Family Time

August 29, 2014

When my wife and I were raising two sons who participated in high school wrestling, we had two hopes before each large wrestling meet in which they participated. First, that they wouldn’t get hurt; and second, that they would win their last match of the day.

We didn’t care if that last match was for 7th, 5th, 3rd or 1st place. The ride home was just a lot brighter when the last match was a victory. We always struggled for the right words when the last match of the day was a loss.

So my wife and I found it especially interesting to read an article about Jeff Daniels published Aug. 7 in the Lansing State Journal that included this excerpt:

Daniels attributes some of his family’s closeness to life in Chelsea and traveling around Michigan to play hockey.

“I’m a big fan of soccer, however, we went hockey and never looked back,” he said. “Ben was 8, and Luke was 5 when they started in hockey in Ann Arbor. All those 5:45 a.m.’s on Yost Arena ice on Saturday and Sunday. All the way through the end of high school.

“I tell parents now, it’s not whether the kid excelled, it’s not, ‘Why didn’t you shoot instead of pass, ‘You’ve got to work on your slap shot.’ It’s not that,” he said.

“It’s the drive there and the drive back. And you talk about anything else except about the game. And we believe that the time we spent doing that, and not focusing on pounding your kid to be better at the next game when he’s 12 damn years old, is one reason we’re so close as a family when the kids are in their 20s.”

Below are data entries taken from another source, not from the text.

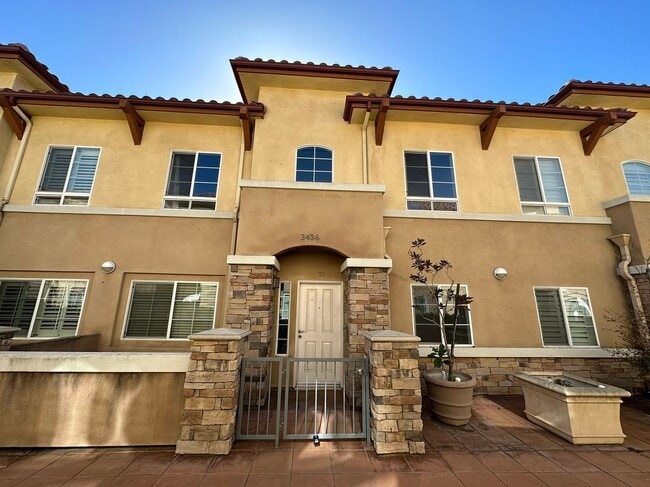 Primary Photo - 5 BEDROOM HOME FOR LEASING IN West Covina
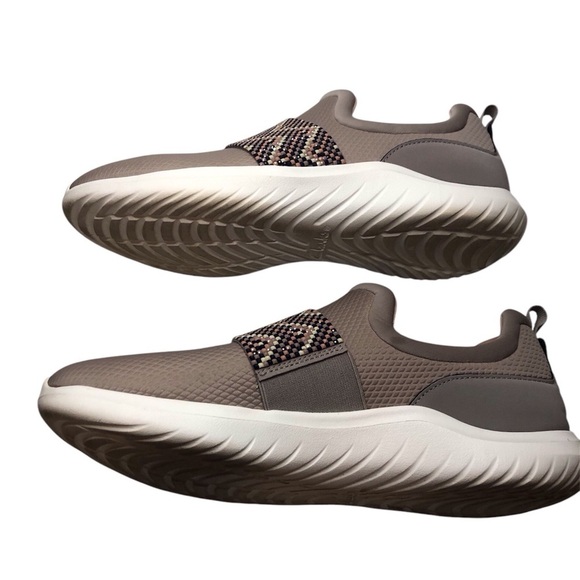 Clarks Cloudsteppers Women's Tan Slip-On Sneakers Beaded Front - Picture 4 of 5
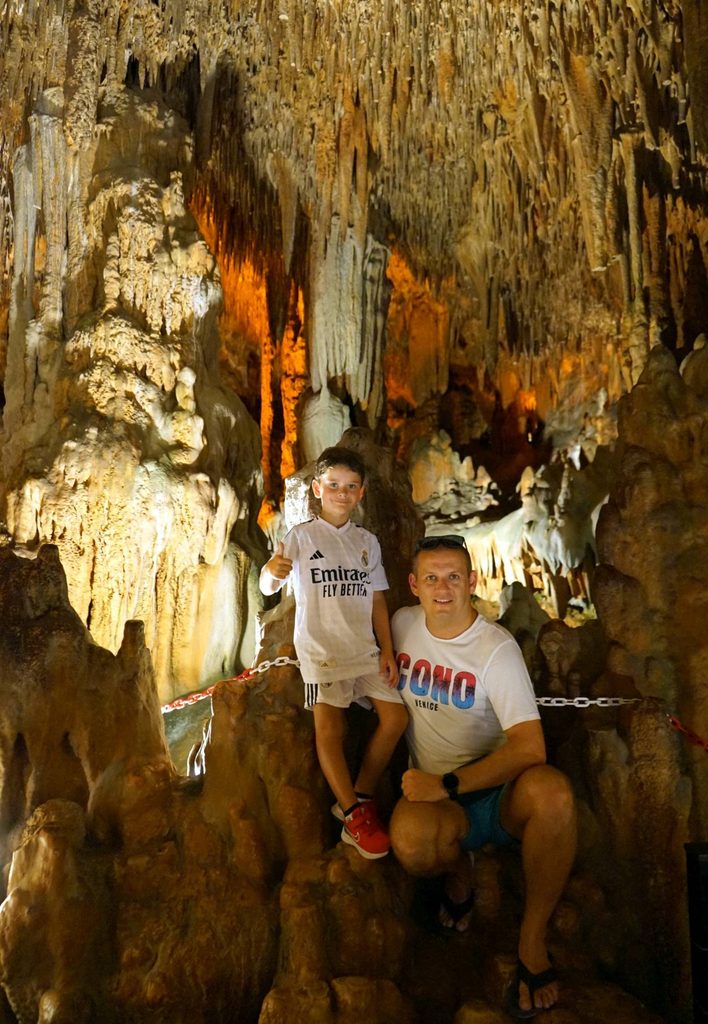 Jaskinia Damlatas w Alanyi – stalaktyty i stalagmity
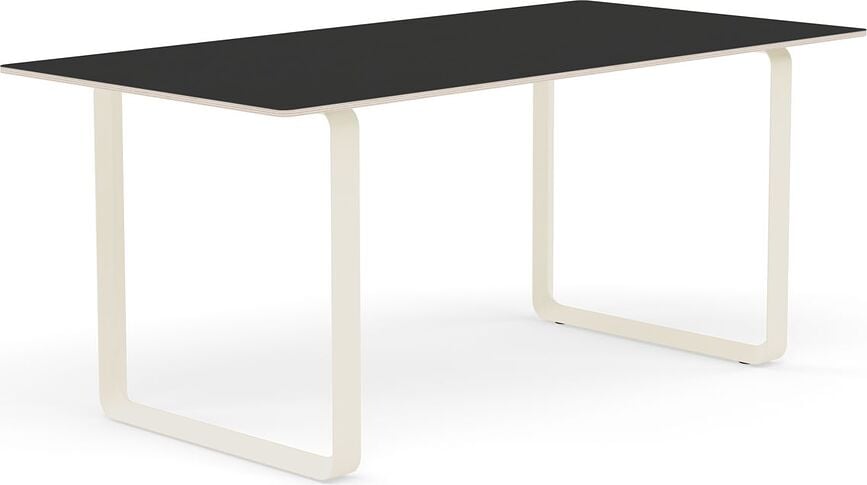 Stôl Muuto pieskovo hnedé nohy 170 x 85 cm čierny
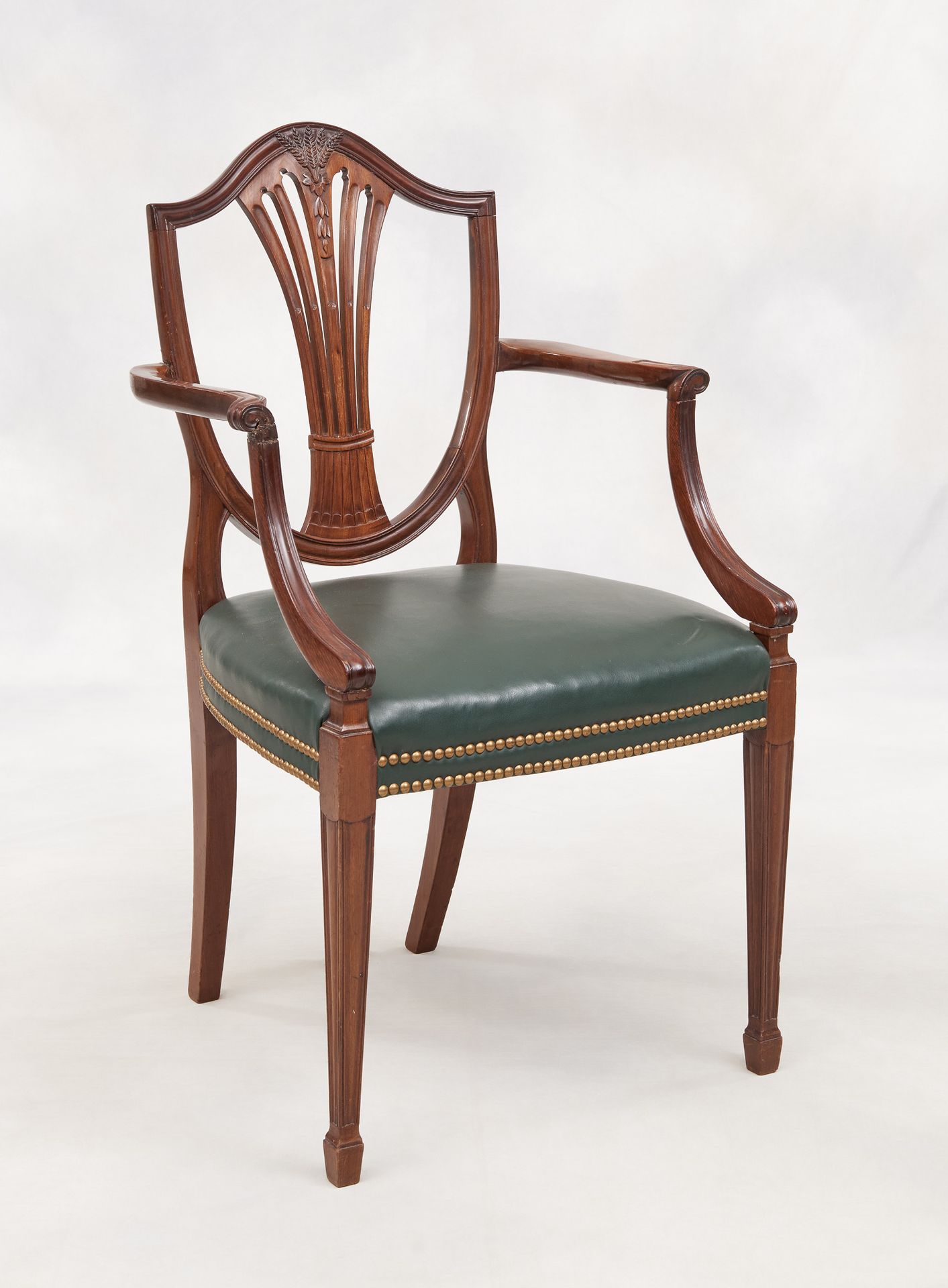 Travail anglais fin 19e. Furniture: Suite of ten carved mahogany armchairs, open&hellip;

U.S. Soccer Gets a Red Card

March 9, 2012

My previous posting paid compliments to a non-school lacrosse organization which appears to share some of the same perspectives we have for young athletes.  Today I express an opposite opinion about U.S. Soccer which has created a “Development Academy” that has announced it is moving to a 10-month season beginning in the fall of 2012.

U.S. Soccer has declared that participants in the Development Academy are prohibited from playing on their local high school teams.  This has prompted criticism from high school coaches who in many parts of the country, including Michigan, will lose some of the more accomplished players to the Development Academy.

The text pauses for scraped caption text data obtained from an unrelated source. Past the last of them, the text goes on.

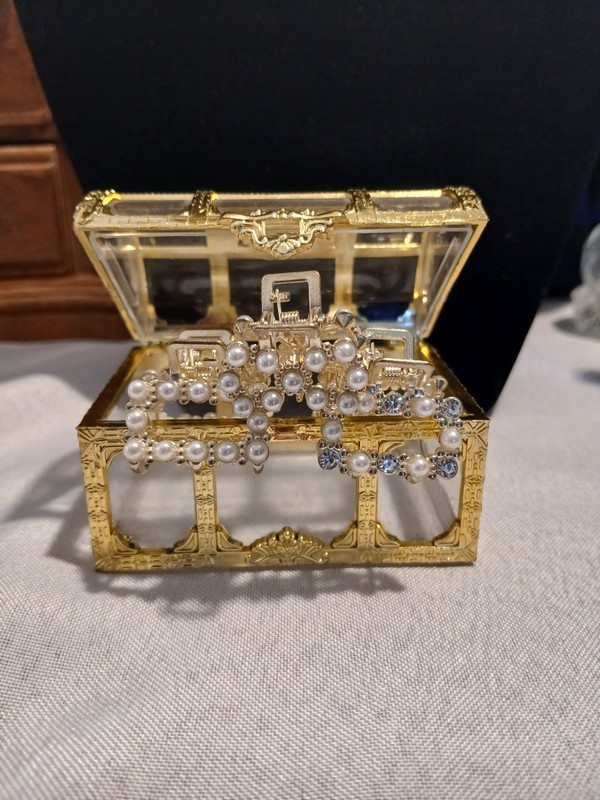 Vtg Treasure Jewelry Box Lot Various Signed & Unsigned High End Pieces Costum gallery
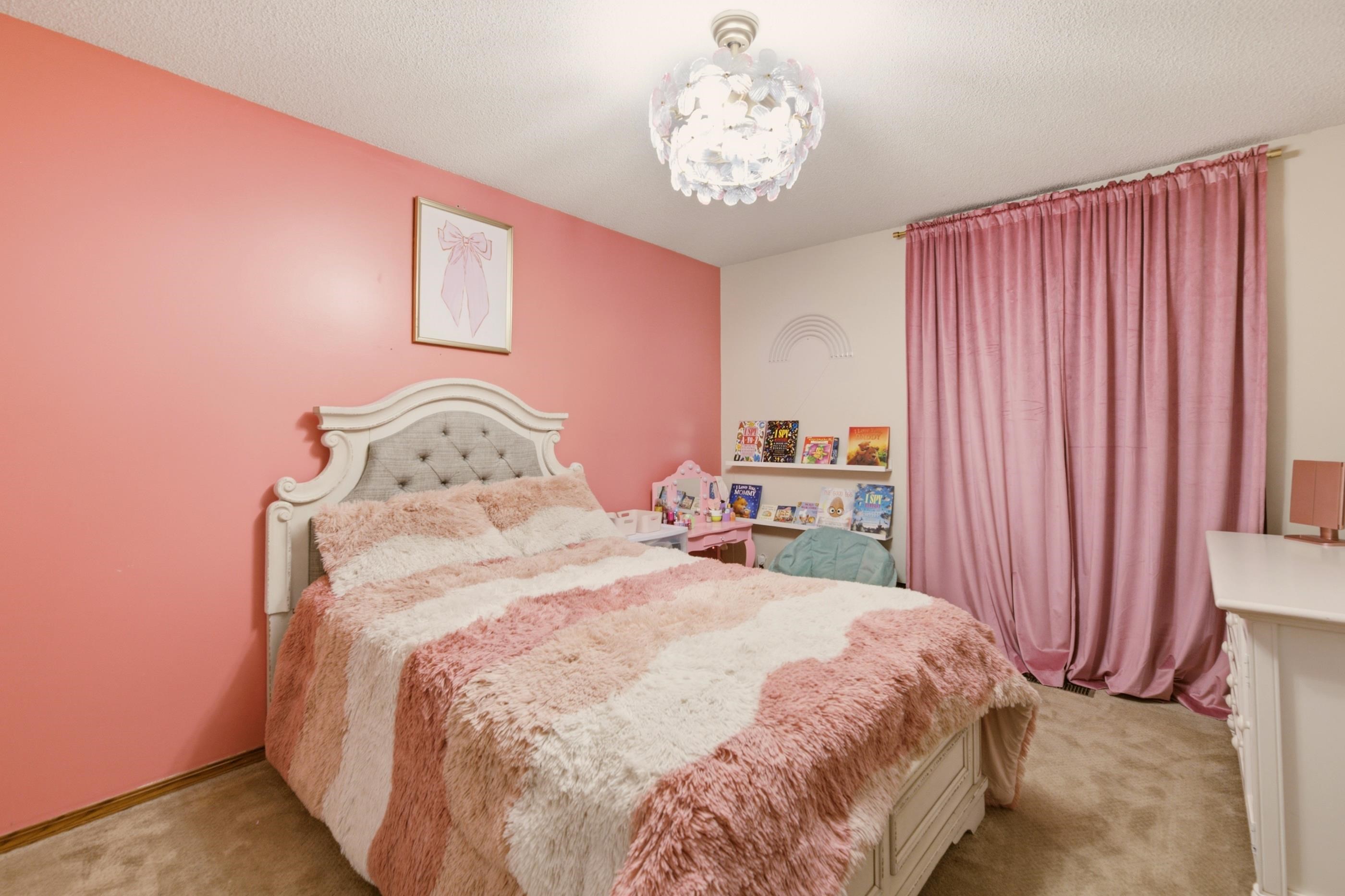 1308 W Loring Property Photo 25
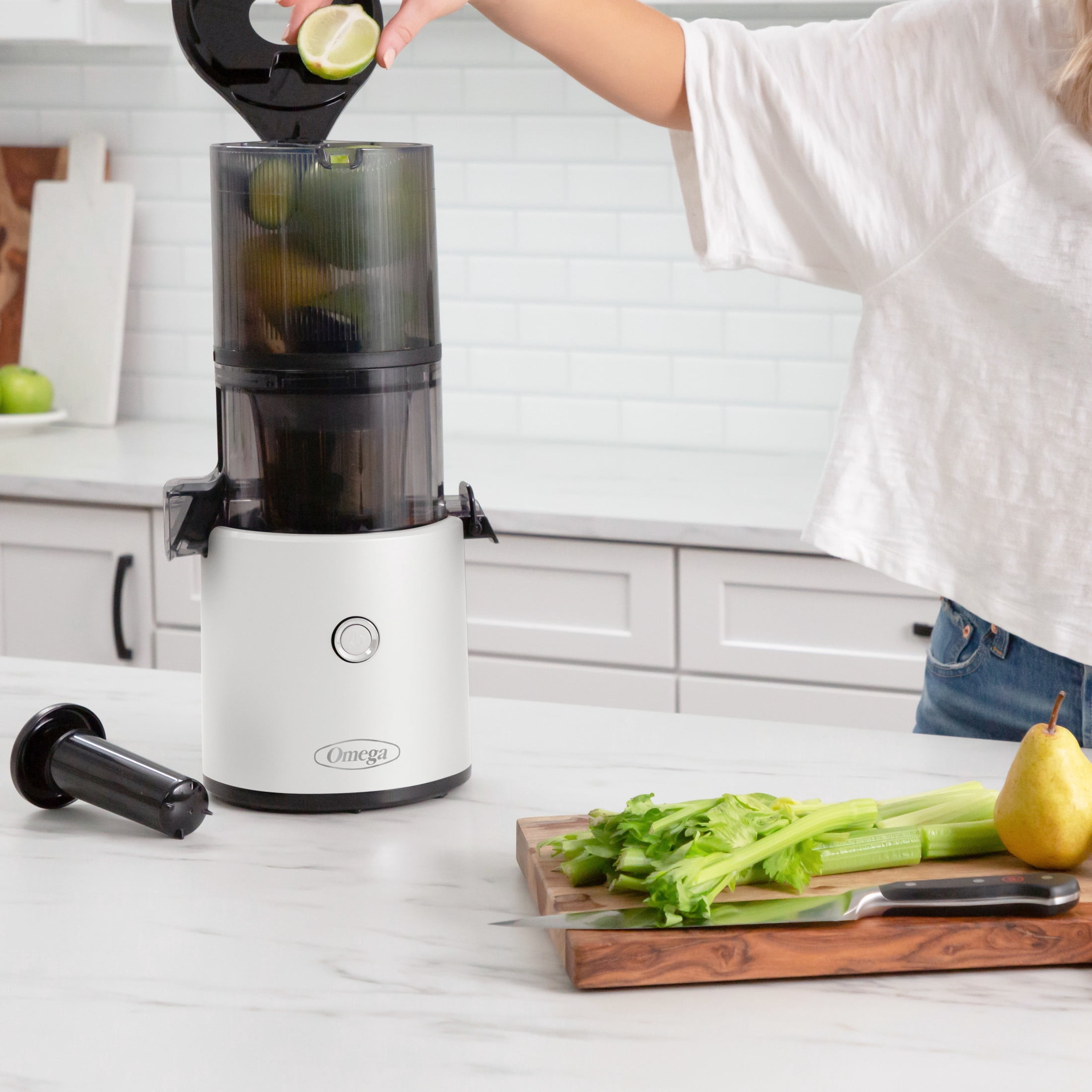 Omega Effortless™ Cold Press Batch Juicer, 2L Capacity, in White (JC2022WH11)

The academy’s design follows that of powerhouse soccer nations where, however, high school sports do not exist like they do in the United States, where high school students play on high school soccer teams during defined seasons of the year.

The design of the Development Academy and the exclusive participation that U.S. Soccer is promulgating violates the Amateur Sports Act of 1978, which requires national sport governing bodies to minimize conflicts with school and college programs.  I was involved in the preparation and passage of that law by the United States Congress; I know what it says and what it stands for.  U.S. Soccer is violating the spirit and specific language of the law.

The desire and drive of U.S. Soccer to have U.S. teams excel in international competition is admirable; but its violation of U.S. statutes in the process is deplorable.